And this was a nice anchor for me. And it was a nice relationship with a man who just took a
vested interest in my wellbeing. And in addition to it being about a nice man
who took an interest in the son of a single mother,
he used to call my mom and say nice things about me.
This has paid off for me enormously
because I have sold companies for a lot of money.
But the reason I am as economically secure as I am
is that I've always invested in the markets.
And I feel as if I understand the markets
better than your average bear.
I hold on to investments for a long time.
I diversify.
I try and understand the companies I'm investing in.
And my economic security is a function of the markets.
Yeah, we love that story because it's really the origin story of not just this podcast,
but also Scott's entire professional project.
It all started with owning a few shares of stock.
So we want to dig into this very basic question. What is stock? What did Scott actually buy
40 years ago?
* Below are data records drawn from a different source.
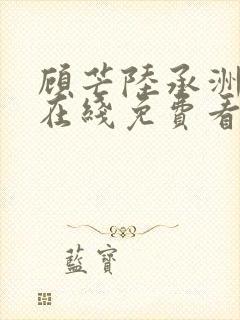 顾芒陆承洲小说在线免费看封面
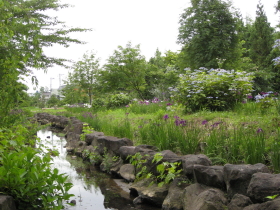 ハナショウブ:菊ヶ丘水郷公園花菖蒲*2010.07.06(五所川原市)_b0147224_21555994.jpg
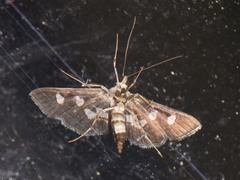Desmia subdivisalis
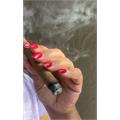 Arturo Fuente Natural Brevas Royale 5 1/2 * 42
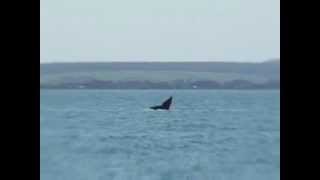 preview picture of video 'southern right whale tail'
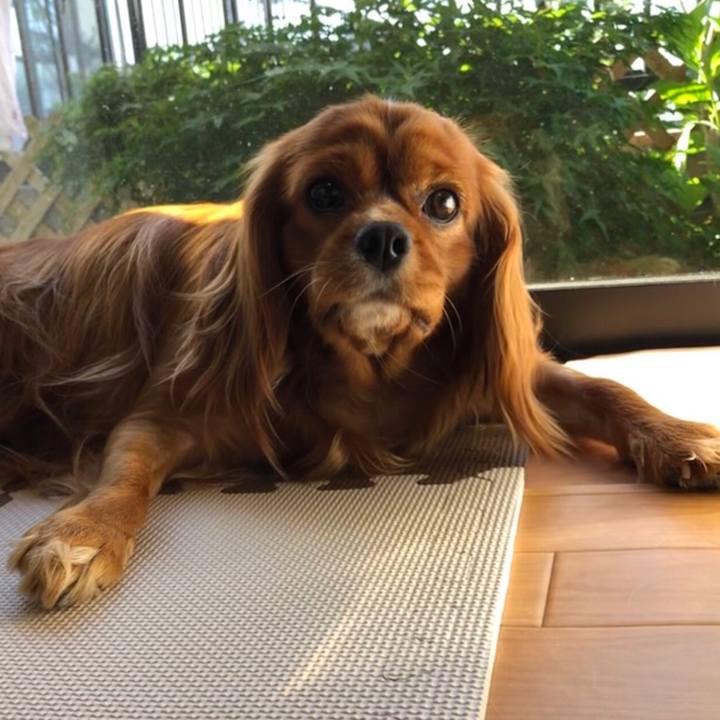 4a9b91ac 746a 40ea b8f5 909dd1a58ca6 1558649886354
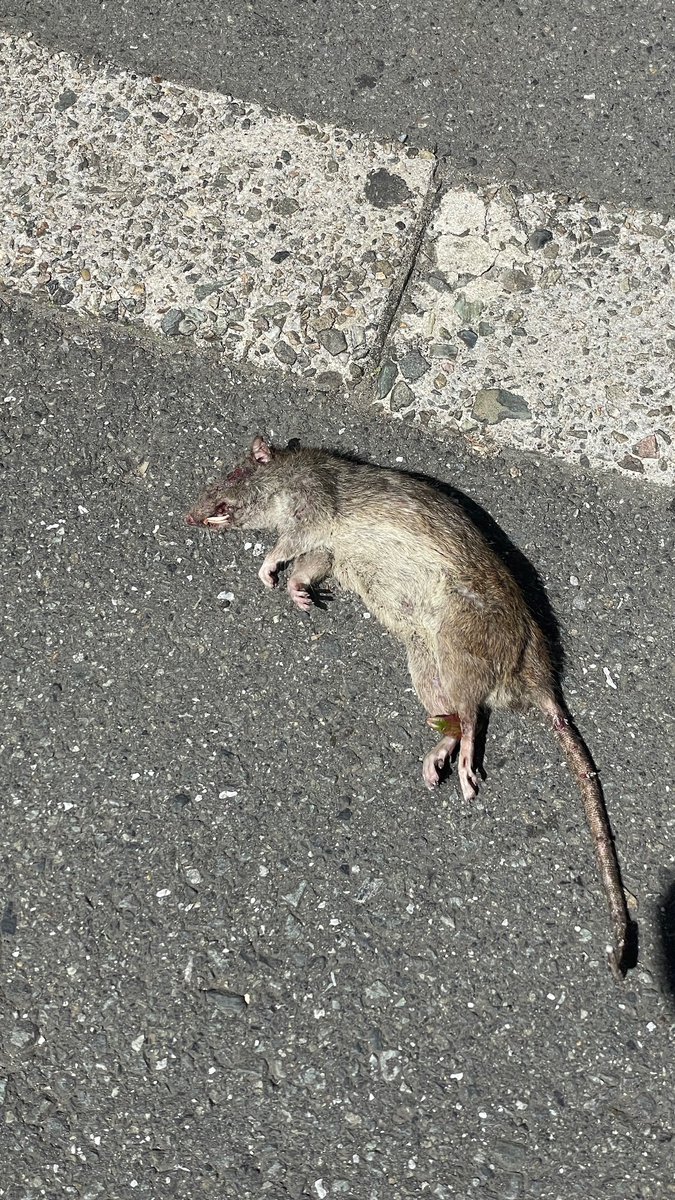 池袋西口の路上に、でかいドブネズミの死骸…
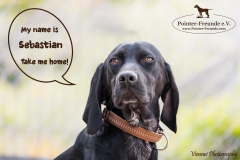 Sebastian IMG_0411-960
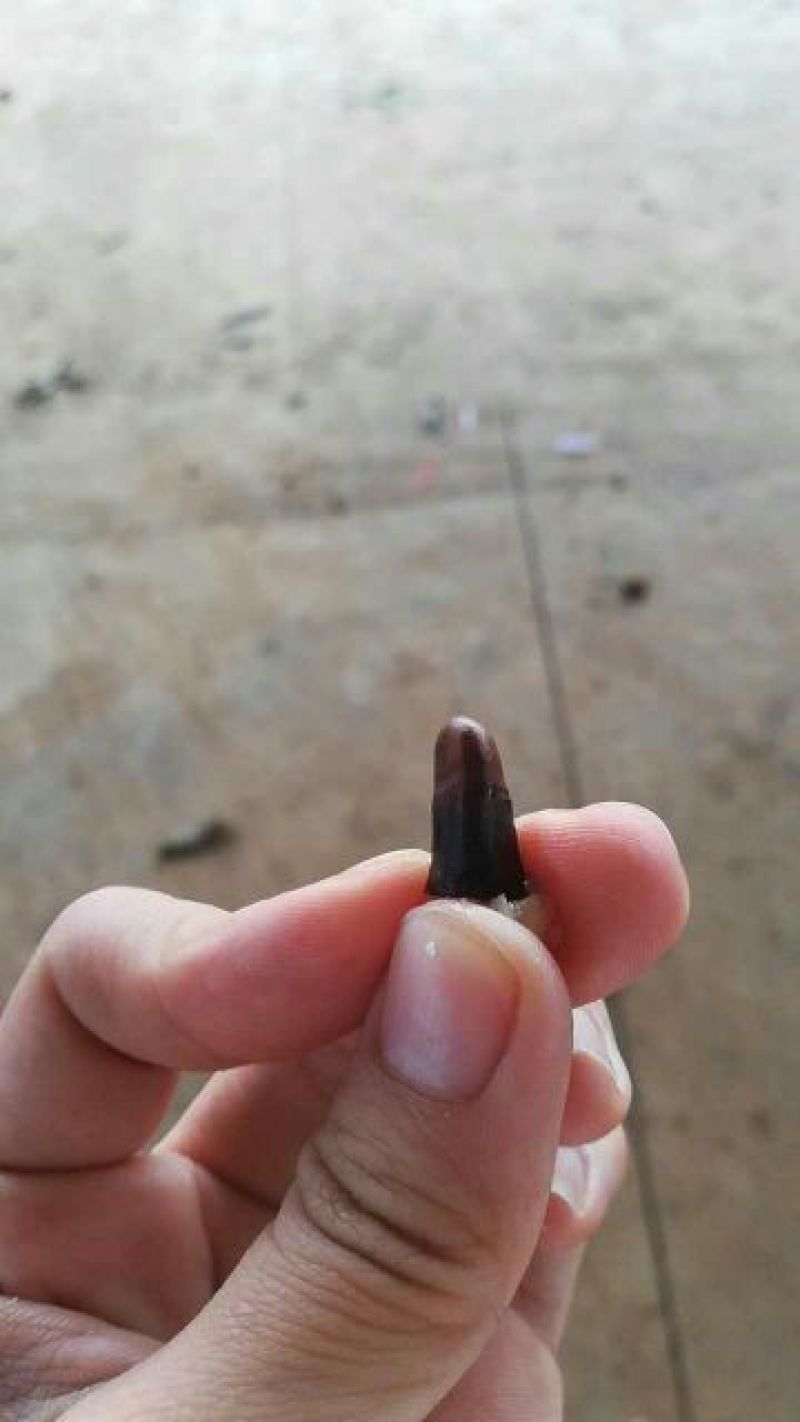 妃子笑1.5~2cm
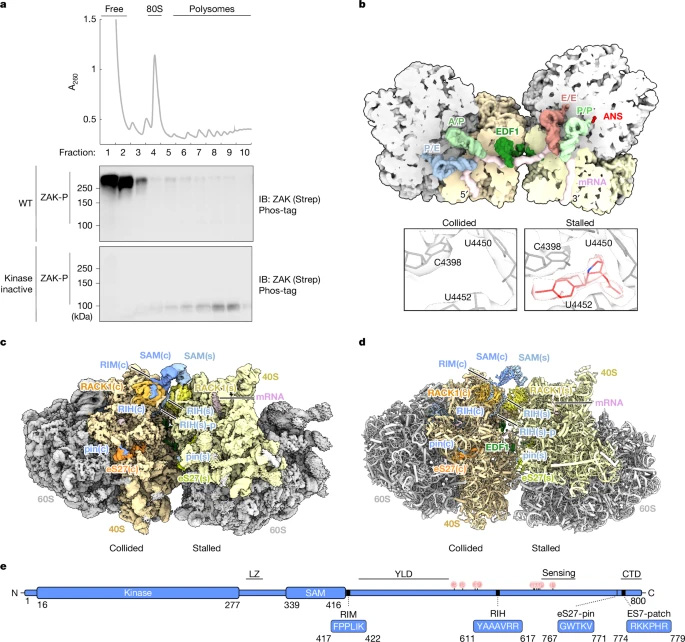 ZAKα蛋白结合碰撞二聚体核糖体的冷冻电镜结构 ZAKα蛋白结合碰撞二聚体核糖体的冷冻电镜结构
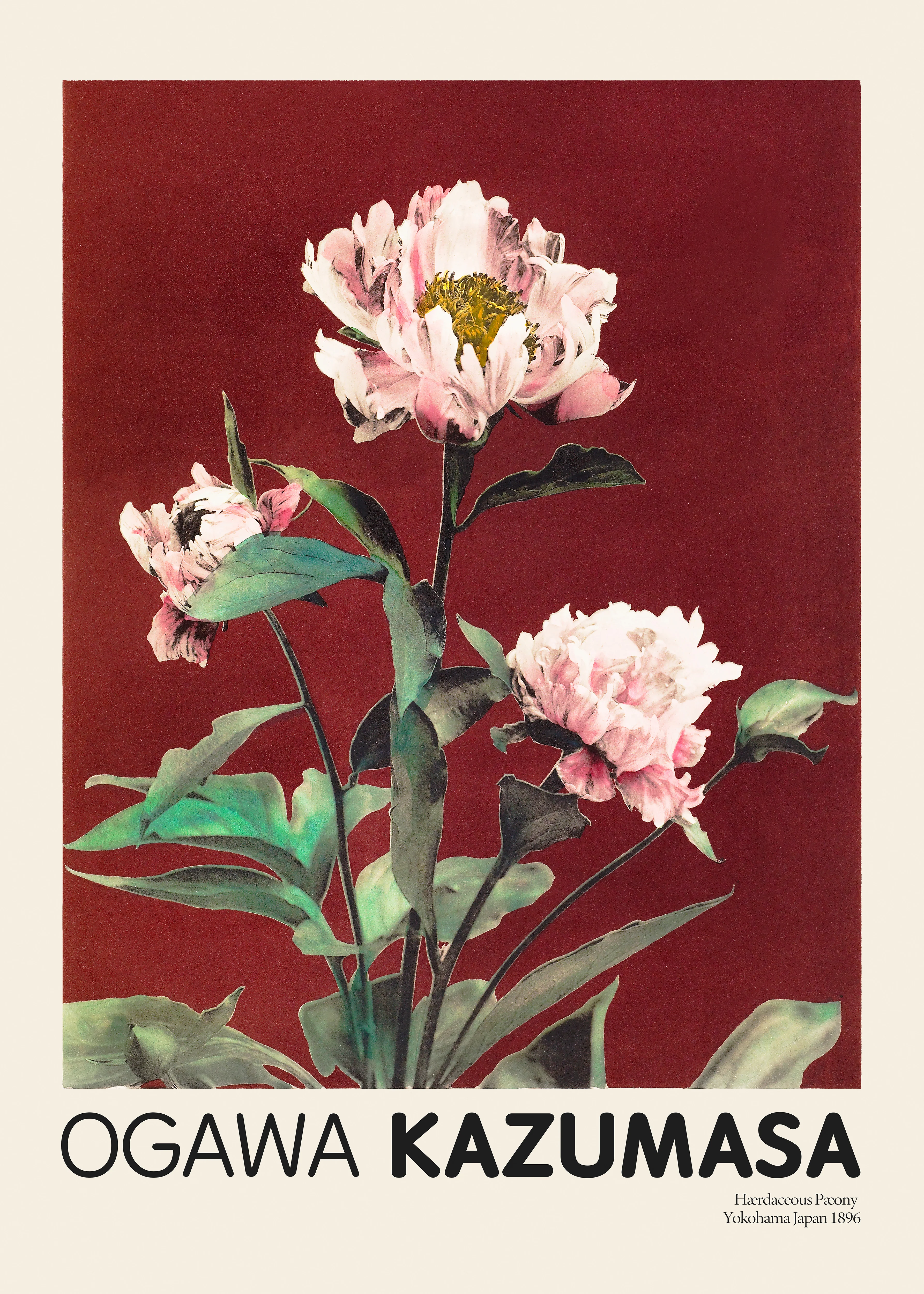Herbaceous-Peony-No2-Ogawa-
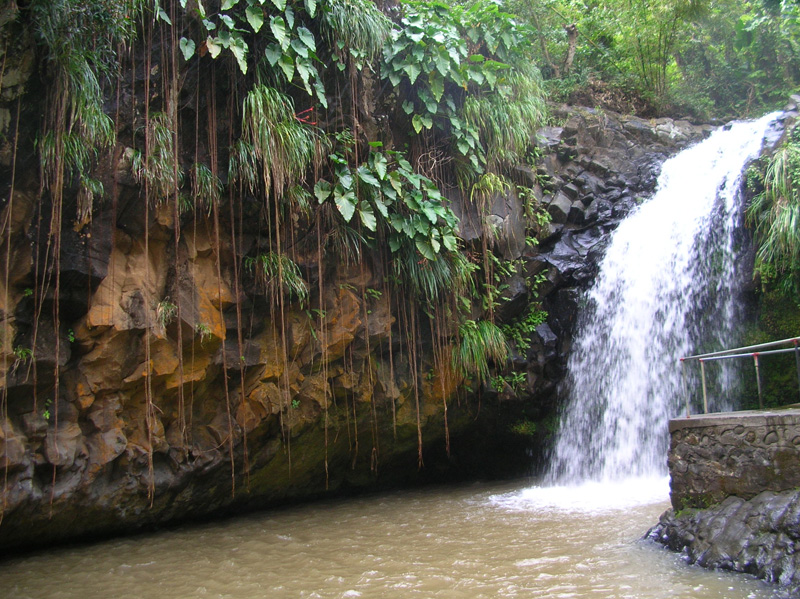 Гренада – Январь 2008
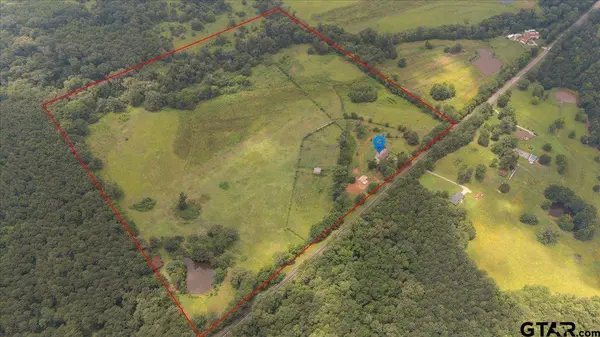 21675 Highway 110 N, Troup, TX 75789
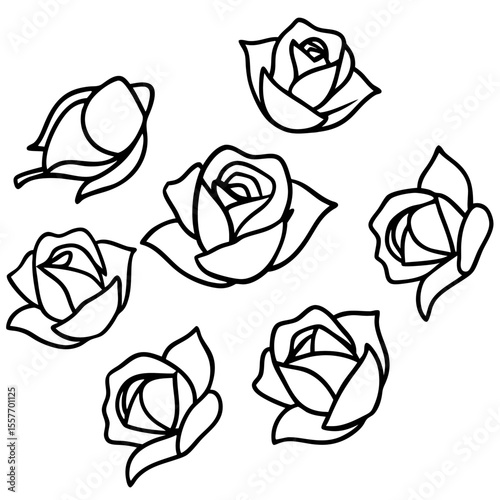rose-petals-scattered-on-white-paper--soft-shadows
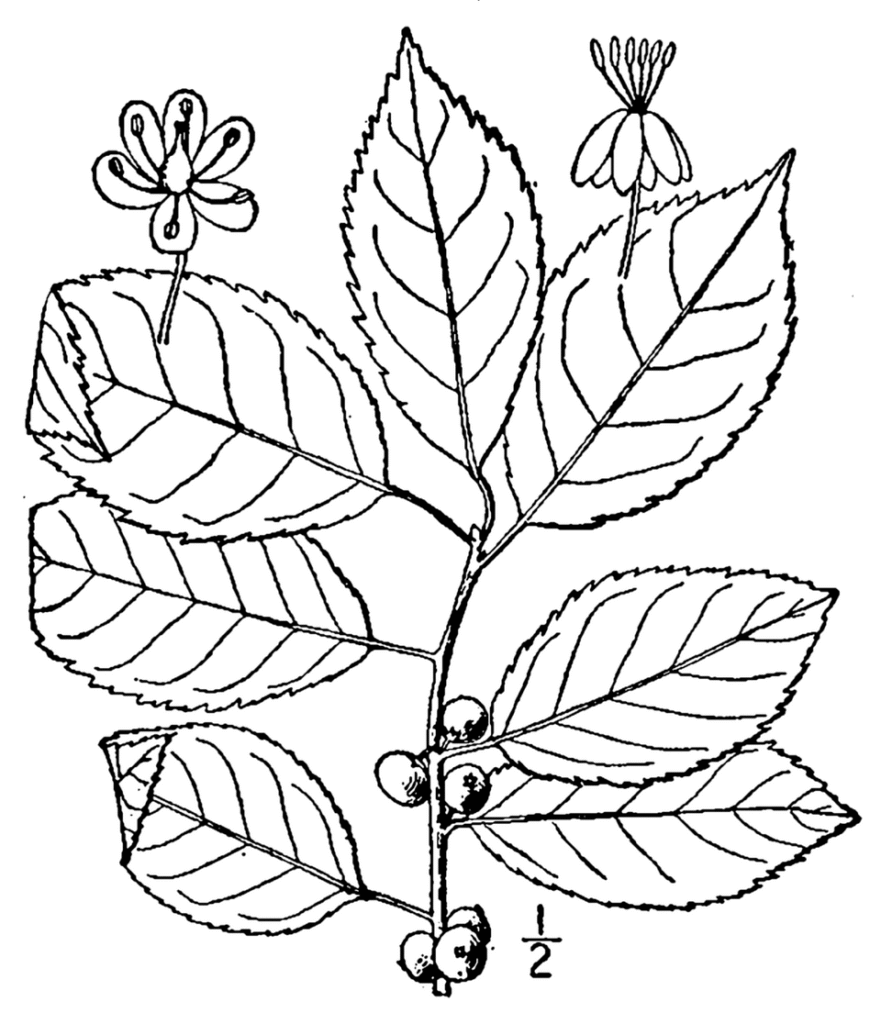 Ilex verticillata illustratie van groenblijvende struik met rode bessen.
Here to help us answer that is Prof G Media's editor-in-chief, Jason Stavis. Ed, at the most basic level, stock is ownership, but it's a particular kind of ownership.
It's one that allows for the ownership of an organization rather than a thing, and ownership
of that organization by many people at the same time.
It's part of a system that we've developed over the centuries to finance and manage large-scale
private enterprise.
So for most of human history, private enterprise was small-scale.
Think family farms, blacksmiths, and cobblers.
Anything more ambitious, like a military campaign or a road network, was usually the domain
of governments or sometimes religious institutions.
But in the 19th century,
with the rise of industrial production, private enterprise needed more scale. The cost of building
and outfitting factories was beyond the means of most individuals. So ambitious entrepreneurs
needed a way to pool their resources. That's more complicated than it sounds, however.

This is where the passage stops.